-- Work instruction --
From start to end, write out the following data exactly, apart from its images.

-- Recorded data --
——

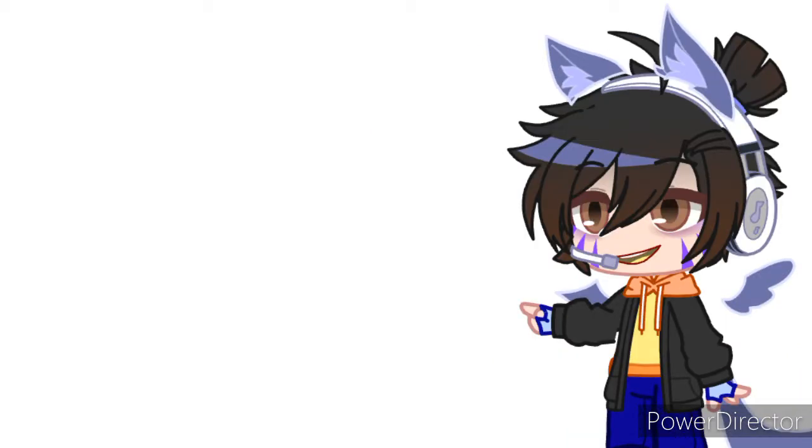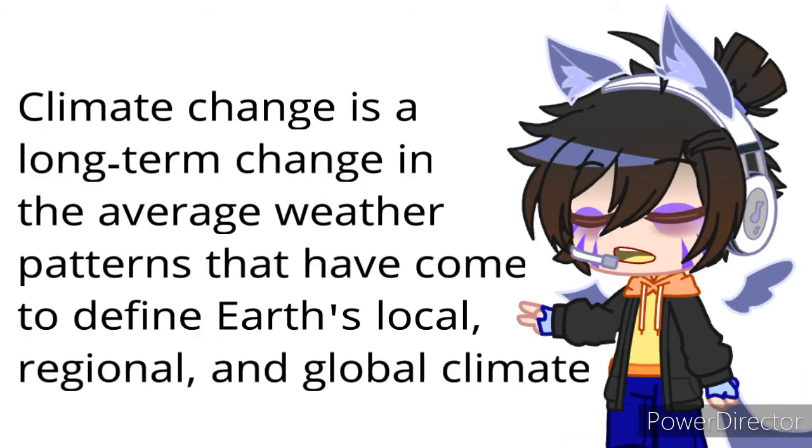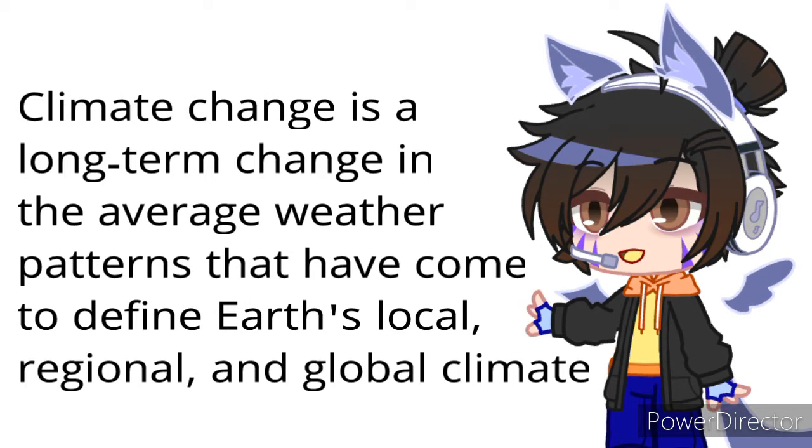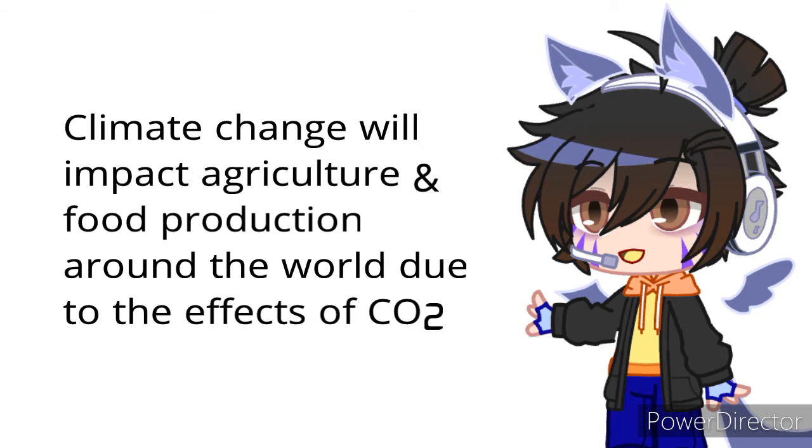Impacts of Climate Change. As most of you know, climate change is a long-term change in the average weather patterns that have come to define our local, regional and global climates. Climate change will impact agriculture and food production around the world due to the effects of CO2.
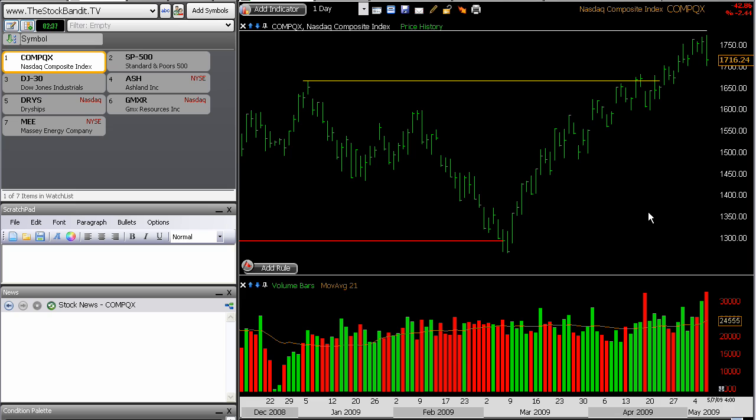Hey there traders, welcome back for another episode from thestockbandit.tv. This is episode number 61, and I'm always glad that you made it and hope it's been a great week of trading for you so far. We've got one more day to go, and being a Friday it could be an interesting one. What I want to do in this episode is talk about a pretty common chart pattern called a bearish engulfing bar.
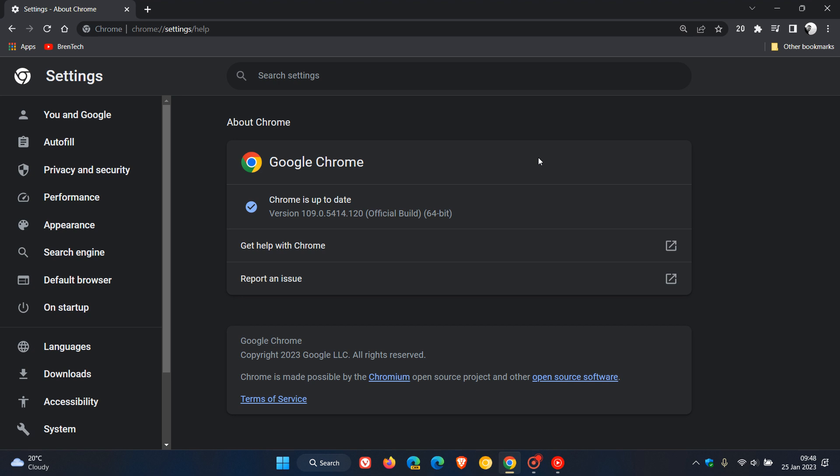Nonetheless, there are two high severity and high-risk flaws that have been addressed, so it's important to double check your browser is up to date. Both of those high-risk vulnerabilities, which are your second highest after critical, are use-after-free exploits, which are a common exploit in Chromium-based web browsers.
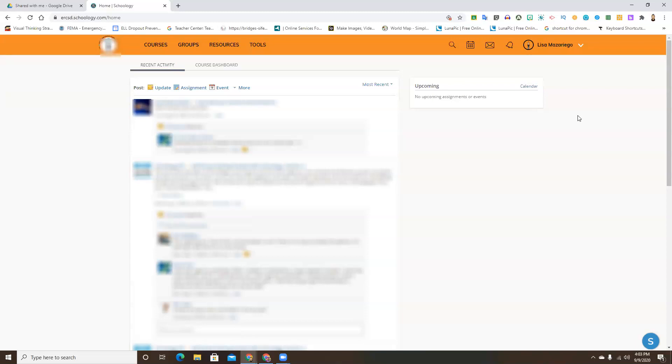In student view you'll be able to see things like courses, groups, grades, student activity, particularly their most recent activity. Anything that the student is going to see you will be able to see from that view as well.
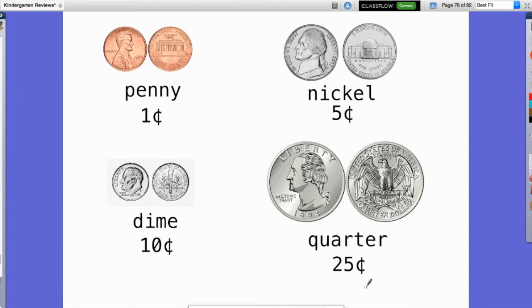So those are the four coins we're going to talk about as kindergartners: penny, nickel, dime, and quarter. There might be some other coins you've seen, and our money looks different from the money of other countries. Our money has a lot of our presidents on it — other countries have different people on their money.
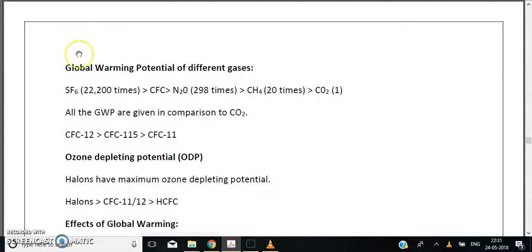These are the audio lectures presented by the team of ASS Science Foundation Delhi. We are a group of enthusiastic environmental education providers who have been working in this domain for the last 10 years.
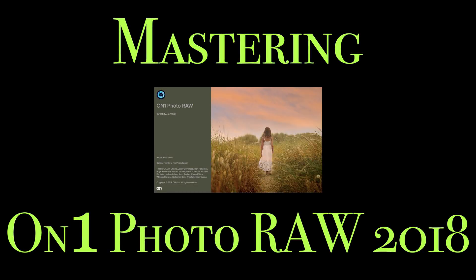Hey guys, this is Anthony Morganti from AnthonyMorganti.com. Welcome to Mastering On-One Photo Raw 2018.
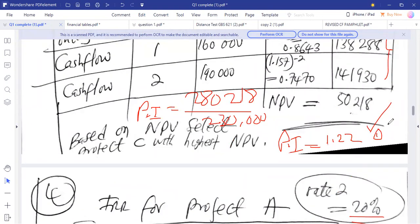Several project evaluation techniques have now been explained. In the next class, we will wrap up with the accounting rate of return, which looks at accounting profit as a basis for project evaluation.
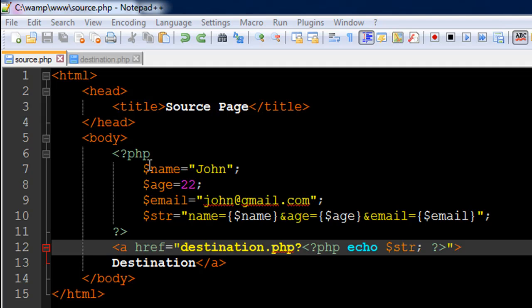We're going to check out three methods of passing values from one file to another. The first method is how we can pass in values within the query string. The second method is how we can use forms, and the third one is how we can use cookies. We're going to have about five or six tutorials on these three topics alone, and this is really important.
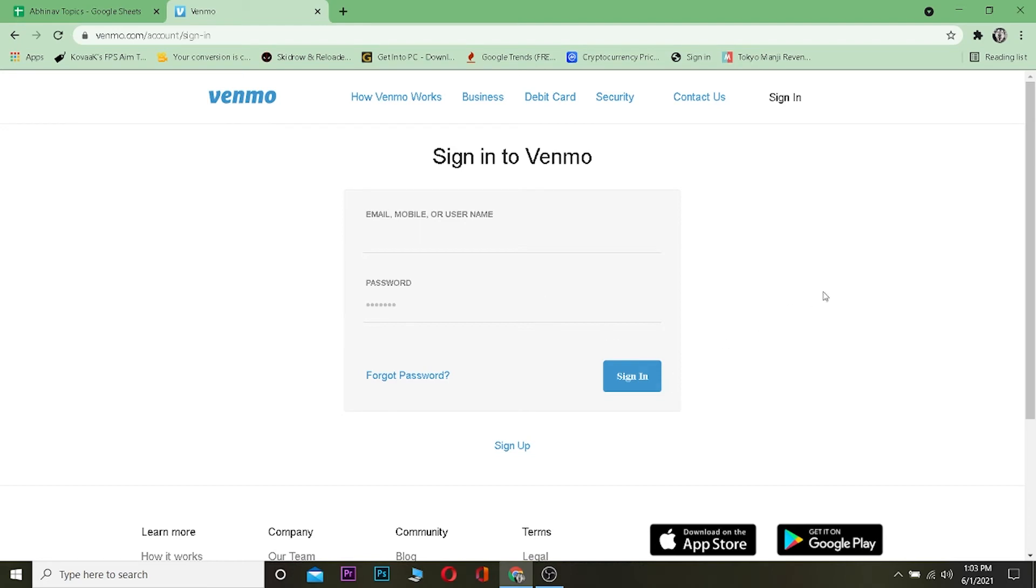If you forget your password you can always click on forgot password and follow their steps to change your password. And if you haven't created an account you can click on sign up to sign up in Venmo.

——

-- Result --
Impacts of Climate Change. As most of you know, climate change is a long-term change in the average weather patterns that have come to define our local, regional and global climates. Climate change will impact agriculture and food production around the world due to the effects of CO2.
Hey there traders, welcome back for another episode from thestockbandit.tv. This is episode number 61, and I'm always glad that you made it and hope it's been a great week of trading for you so far. We've got one more day to go, and being a Friday it could be an interesting one. What I want to do in this episode is talk about a pretty common chart pattern called a bearish engulfing bar.
Nonetheless, there are two high severity and high-risk flaws that have been addressed, so it's important to double check your browser is up to date. Both of those high-risk vulnerabilities, which are your second highest after critical, are use-after-free exploits, which are a common exploit in Chromium-based web browsers.
In student view you'll be able to see things like courses, groups, grades, student activity, particularly their most recent activity. Anything that the student is going to see you will be able to see from that view as well.
So those are the four coins we're going to talk about as kindergartners: penny, nickel, dime, and quarter. There might be some other coins you've seen, and our money looks different from the money of other countries. Our money has a lot of our presidents on it — other countries have different people on their money.
These are the audio lectures presented by the team of ASS Science Foundation Delhi. We are a group of enthusiastic environmental education providers who have been working in this domain for the last 10 years.
Hey guys, this is Anthony Morganti from AnthonyMorganti.com. Welcome to Mastering On-One Photo Raw 2018.
Several project evaluation techniques have now been explained. In the next class, we will wrap up with the accounting rate of return, which looks at accounting profit as a basis for project evaluation.
We're going to check out three methods of passing values from one file to another. The first method is how we can pass in values within the query string. The second method is how we can use forms, and the third one is how we can use cookies. We're going to have about five or six tutorials on these three topics alone, and this is really important.
If you forget your password you can always click on forgot password and follow their steps to change your password. And if you haven't created an account you can click on sign up to sign up in Venmo.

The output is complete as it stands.